Tower with staircase – click to view fullsize on this and all pictures

The reason for the stairs being on the outside is that this is in fact a chimney rather than a tower as such, and the inside would back in the days of its use have been full of choking noxious fumes. The structure was built on top of the hill, and at the end of a flue nearly a mile long, which conducted the smokes and fumes from a lead works in the valley below up to the hilltop, where they were discharged at a height of 900 feet, thus sparing those living below from the effects of their industry.

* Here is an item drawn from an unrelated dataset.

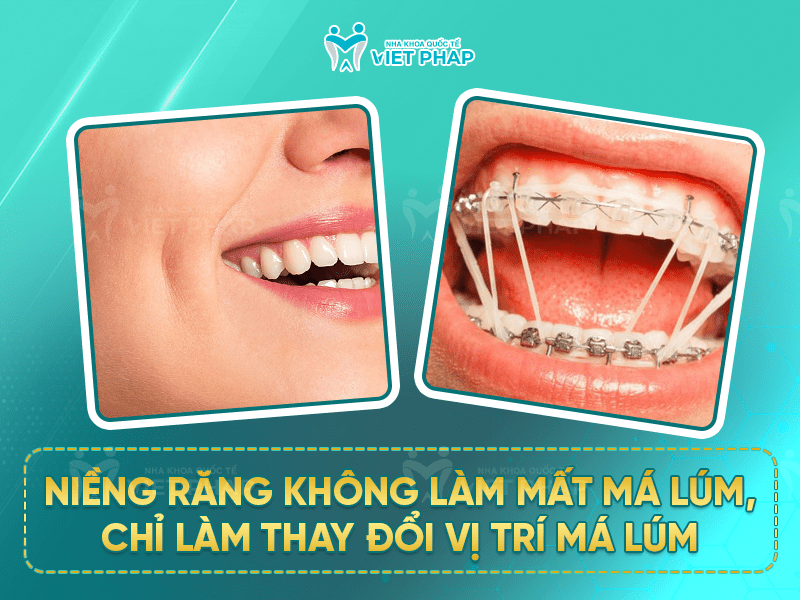 Niềng răng không làm mất má lúm, chỉ làm thay đổi vị trí má lúm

The hill itself was once penetrated by a lead mine, but lead from other mines was also transported to Ballycorus to be smelted, and the area was a teeming centre of employment at one stage. It is now long since abandoned, and has been so for as long as I can remember, certainly when I first visited in the early 1970s it was already a matter of history. The mine is sealed and forgotten, the works gone, though some buildings remain in the valley, but the giant chimney remains, and should stand for a long time into the future, as a recognisible landmark in this corner of County Dublin.

Travelling from the Ballycorus Road, we took the side turn which is signposted “Pucks Castle” which leads to the most convienient of the several approach routes to the top of the hill. Pucks Castle itself, a ruined fortified dwelling rather than a fullsize castle, can be seen in a field on the left after about a km, but the hedges are high and it is visible just once through a gap, so blink and you’ll miss it.

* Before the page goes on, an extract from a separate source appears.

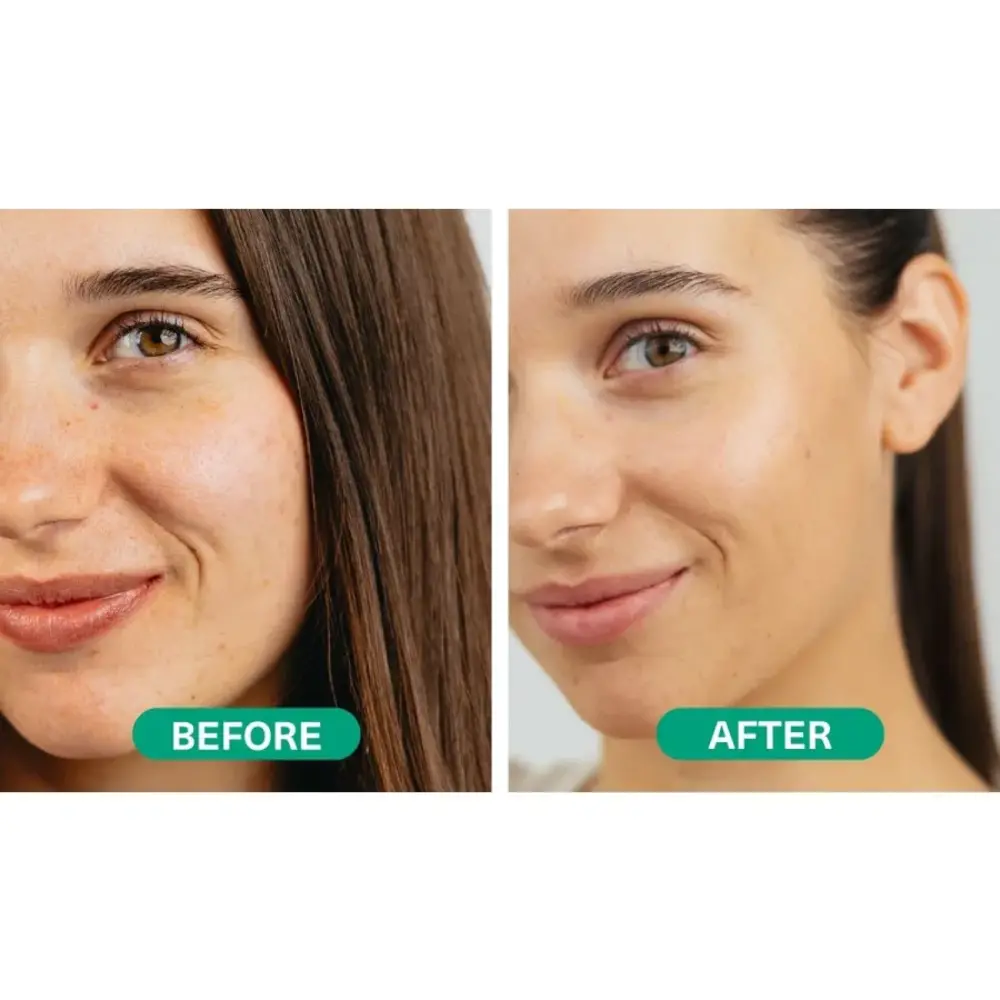 Hemptouch Skin Perfection Azelainsäure-Serum 10% Hemptouch Skin Perfection Azelainsäure-Serum 10%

The road climbs, and after the Pucks Castle golf range on the right, there is a track leading up the hillside, with just enough room to park a car or two.

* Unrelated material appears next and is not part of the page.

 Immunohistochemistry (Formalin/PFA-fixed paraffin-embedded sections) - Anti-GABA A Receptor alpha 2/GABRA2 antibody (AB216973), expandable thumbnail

Having been up here more recently, I was able to let JS know that the climb would be about 20 minutes, and that the first half is the worst.

The track is rough but walkable, with forest on the left, and a stone wall and hedge on the right, behind which is the golf range, built on such an impossible slope that you wonder how the ball does not just run away.

Chimney 2

For most of the climb, thre is no sign of anything on the hilltop, but as you near the top, the structure suddenly comes into view. The stairs can now be seen clearly, as well as the fact that several gaps mean that they cannot be climbed – one of the gaps being close to the bottom, and possibly deliberate on the part of the local authority to stop people from climbing and suffering accidents.

Stairs

 

Where the steps still exist, they are steep and unprotected, and the prospect of being able to climb them when they were all in place must have been both wonderful and terrifying at the same time. A platform at the top, similarly unprotected, would have allowed access to the top of the chimney, and must have given stunning views across Dublin.

The flue up from the mineworks below having long since been filled in, there is now an opening at the bottom of the tower, and it is possible to go inside, and look up, and out of the giant stone chimney.

Inside

The views from the hilltop, while not as extensive as those from ThreeRock, are none the less very good, and comprise most of Dublin city and bay, Killiney Hill, and to the west, the Scalp and Glencullen valleys, Two Rock and Three Rock mountains.

West

Looking west over towards Glencullen, the massive redevelopment of the Kiltiernan Sports Hotel is carving an ugly scar in the valley below, and it is to be hoped that once finished and landscaped it will fit in better. Both time I have been up here recently has been in the evening, and the view westward over the valleys and hills can give some lovely constrasts of light and shade, and rays through the mist (the picture used as the header of this blog is taken here).

view north to Dublin

Looking north across Dublin you get a good view of the eastern half of the city, with the sweep of the bay, and Howth Head in the distance.

Killiney

Looking east across the Loughlinstown valley, the sprawl of Tulley and Cherrywood can be seen, as well as Killiney Hill, with the sea behind it.

Coming back down is easy of course, and we managed to reach the car just in time to avoid a sudden squall of rain.

Compared to my last efforts, a successful conclusion!